We all wait eagerly as the Champions League cleans out the cobwebs, wipes off the dust from its boots and prepares to restart after a short break. As any soccer fan will tell you, the yardstick by which we rank Europe’s elite is fast becoming the world’s premier soccer competition. The search for Champions League glory is one of the main reasons why teams spend incomprehensible amounts of money on players. However, as we huddle around our television sets to drink in the next round, there’s one thing that seems worth a minor mention. For the first time in 19 years, Manchester United does not feature in this year’s competition.

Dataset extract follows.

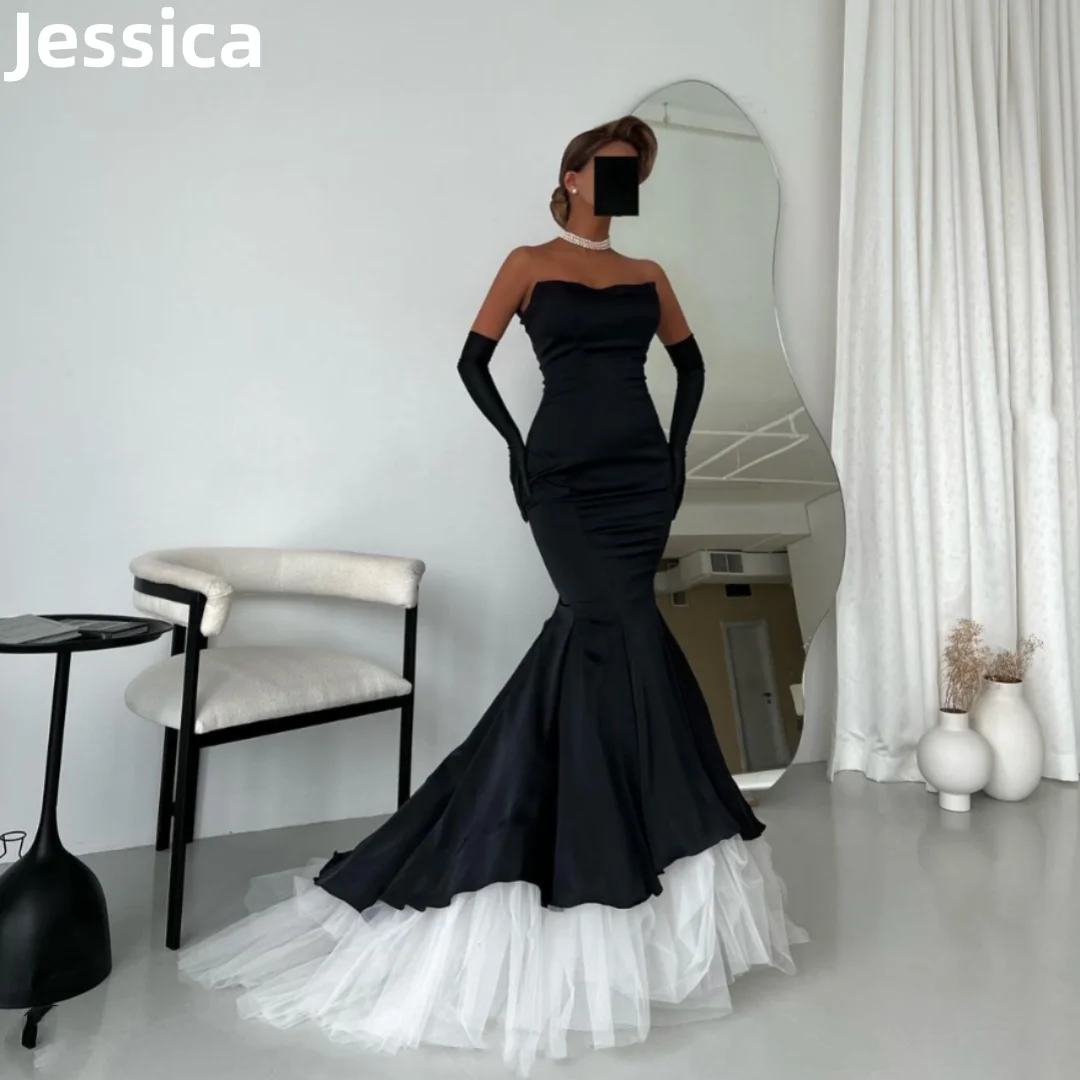 

Jessica Retro Mermaid Prom Dresses Satin Tulle Luxury Evening Dresses 2024فساتين مناسبة رسمية Women's Formal Party Dresses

Now, to the casual observer this might just be one of those things. Clubs go in and out of the Champions League with a surprising regularity, like planes flying in and out of a busy airport. However, some clubs are staples – ever present pillars of the seemingly never ending narrative. With three Champions League trophies, countless appearances in the latter rounds and allegedly the largest fan support in the soccer world, Manchester United would certainly fall under that category. Their absence is especially poignant for United fans like myself, so used to seeing their team compete at this stage. Like food otherwise well prepared but missing salt, the flavor of the Champions League just doesn’t taste the same without them.

A whole generation of fans have grown up watching Sir Alex Ferguson’s swashbuckling, marauding Manchester United storm through the group stages and battle through the latter rounds. For decades they have been an exciting team, throwing caution to the wind with an almost reckless abandon that has endeared them to every soccer connoisseur – inspiring love and hate in equal measure. The media and fans of other teams love to hate them it seems, and Mancunians embrace that hate as a sign of envy and respect. Their illogical triumph in 1999 is a time marker – a victory for the underdog – with a script that Hollywood would have been proud of. Their numerous battles with Bayern Munich, AC Milan, Real Madrid and Barcelona have been part of the Champions League rhetoric for years. In that context it seems almost a shame that they are not in it.

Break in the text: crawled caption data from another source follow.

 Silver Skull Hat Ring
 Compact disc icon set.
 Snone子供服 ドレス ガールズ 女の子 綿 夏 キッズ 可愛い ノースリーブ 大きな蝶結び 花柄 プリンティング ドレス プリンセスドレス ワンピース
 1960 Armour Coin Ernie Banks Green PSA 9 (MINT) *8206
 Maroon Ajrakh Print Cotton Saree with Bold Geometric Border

An argument could even be made that we will never get Manchester United back, at least not as we knew them. After Sir Alex’s departure and with the arrival of David Moyes and then Louis van Gaal, the team have experienced a sharp decline. Their absence from the competition this year should give them a chance to regroup, and judging by their performances this season, they need the time off. In most games they have been poor, epileptic at the back, ponderous in midfield and immobile in attack. If anything it might be a blessing that they are missing out. Seeing them get torn apart by teams that are supposed to be their peers like Real Madrid, Bayern or Barcelona, would be too much for United fans to bear.

However, amidst the despair, there are faint signs of a pulse. For all their ineptitude in this campaign, Manchester United have shown an uncanny ability to win games. After 25 games they sit third on the Premier League table and are through to the sixth round of the FA Cup. In David de Gea, Wayne Rooney, Angel Di Maria and others, they have some very good individuals that they can build a decent team around. In van Gaal they also have a manager that has proven himself with various clubs in the long-term, even if he is yet to do so this season.

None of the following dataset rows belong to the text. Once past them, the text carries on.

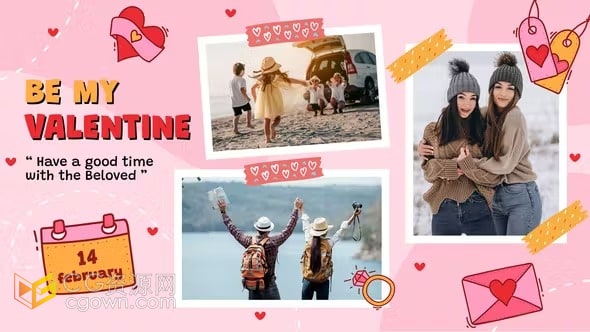 AE模板-卡通甜蜜情侣视频相册情人节幻灯片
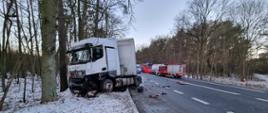 Zderzenie samochodu osobowego marki CITROEN C1 oraz samochodu ciężarowego marki MERCEDES ACTROS na 239. kilometrze drogi krajowej nr 11 na wysokości miejscowości Parkowo. 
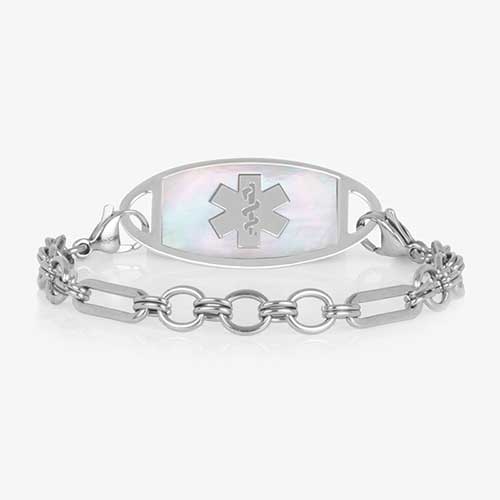 Classic silver tone chain in alternating link sizes and shapes which attaches to a tag using the 2 lobster clasps, displayed with a medical ID tag with a silver tone medical symbol, and Mother of Pearl inlay.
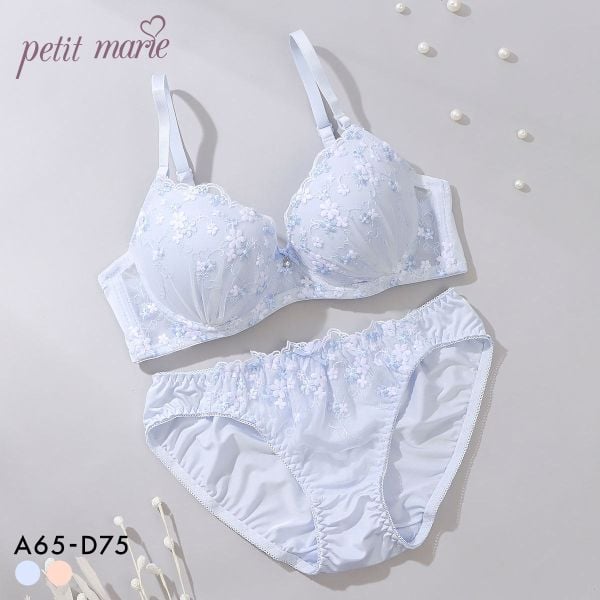 プチマリー プチフラワー刺繍 ブラセット ABCD ブラジャー ショーツ セット まる胸 petit marie WHITE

In the end Manchester United fans, so used to seeing their team compete in this stage of the competition, will have to be content with observing from the sidelines. We will watch jealously but with a somewhat amused interest, without the pressure of hoping everyone else loses so that our team can win. The hope is that the team’s absence will be more of a temporary holiday than a Liverpool style exile. Let the games begin.